Wheatpaste street art by Nice-one. Photo by it’s tea on Flickr.com

Chicago street artists Brooks Golden and Nice–One have had a long and varied history producing artwork for display in the public arena.

An important figure in the Chicago street art/graffiti community, artist Brooks Golden explores our distinct American footprint by using acombination of folk, tribal–based and other visual symbolism to promote a sense of humor and allegory. In a 2011 interview with Sixty Inches From Center, Golden stated:

I don’t think there is a big distinction between actual graffiti and streetart—it is all the same. It is all a pure expression of whatever thoughts or ideas you want to express. There are different roads to that same kind of thinking, some people come to graffiti [the spray painting route] and some people come from the art making, wheat pasting, stencil artist, creative side of that and they meet in the middle and they are both doing something that is technically for the law’s sake, that is not acceptable… It is all just an extension of being an artist without parameters.

A 2009 graduate of Columbia College, Nice–One is a street artist whose humorous and satirical characters can be spotted flying or driving in unexpected places around our urban landscape.
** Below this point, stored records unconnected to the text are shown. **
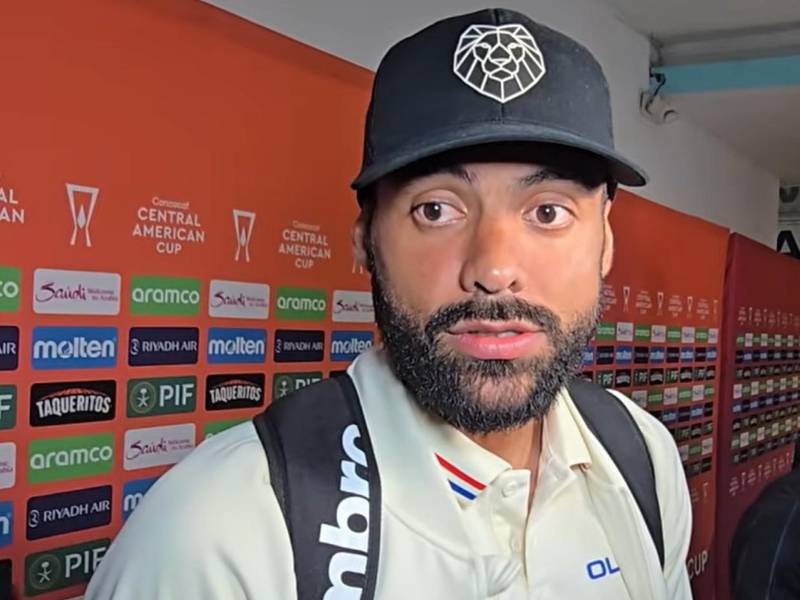 Edrick Menjívar se refirió a todo lo que se habló en la previa de este segundo duelo ante Firpo.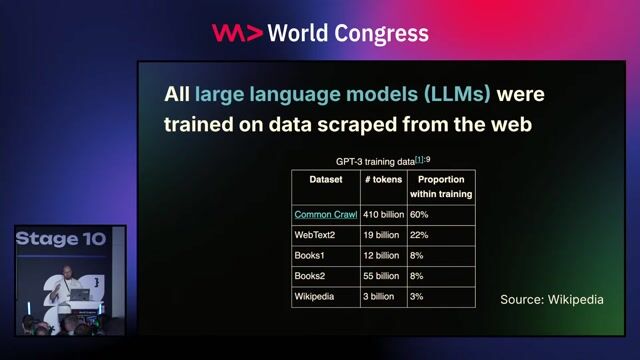 How to scrape modern websites to feed AI agents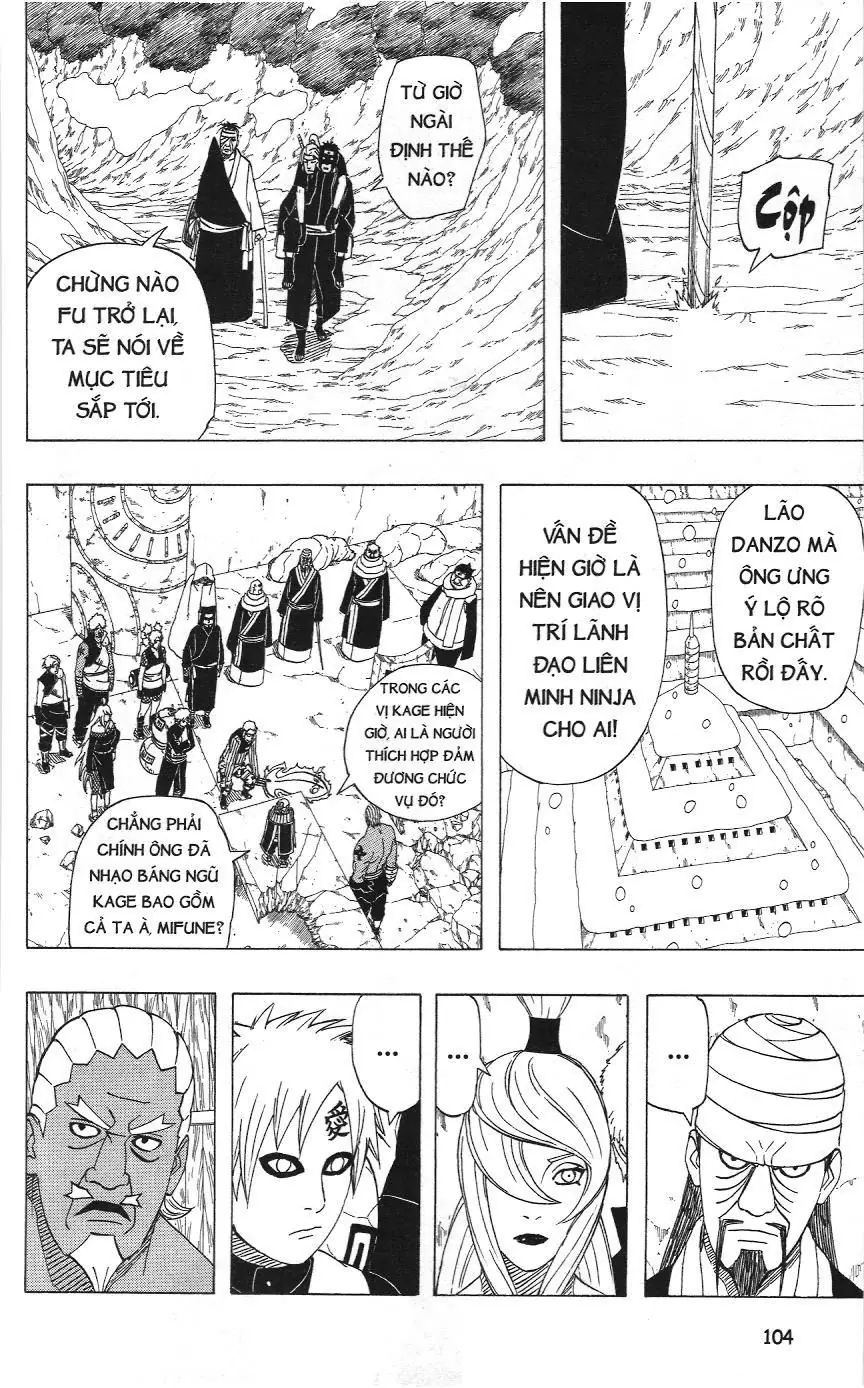 Naruto (NXB Kim Đồng) Chapter 469 - Trang 7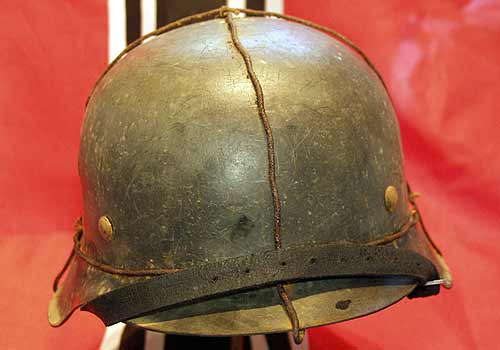 M42 SS Normandy Helmet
All are identifiable by his signature scuba goggles and many, many colors. The two artists collaborated to create this original installation for the Library.

The artists, with guest curator Oscar Arriola, will discuss the making of their large-scale installation as well as the meaning and method of street art as art without parameters in their Artist Talk. Arriola has been documenting graffiti and street art since the late 1980’s and worked as a photographer on Chicago Rocks magazine. Many of the magazines and artworks in this exhibition are from his personal collection. A lifelong Chicagoan, Arriola has been with the Chicago Public Library for 20 years. He curates art exhibitions in Chicago and shows his photographic work nationally.

Check out some Chicago Street Art.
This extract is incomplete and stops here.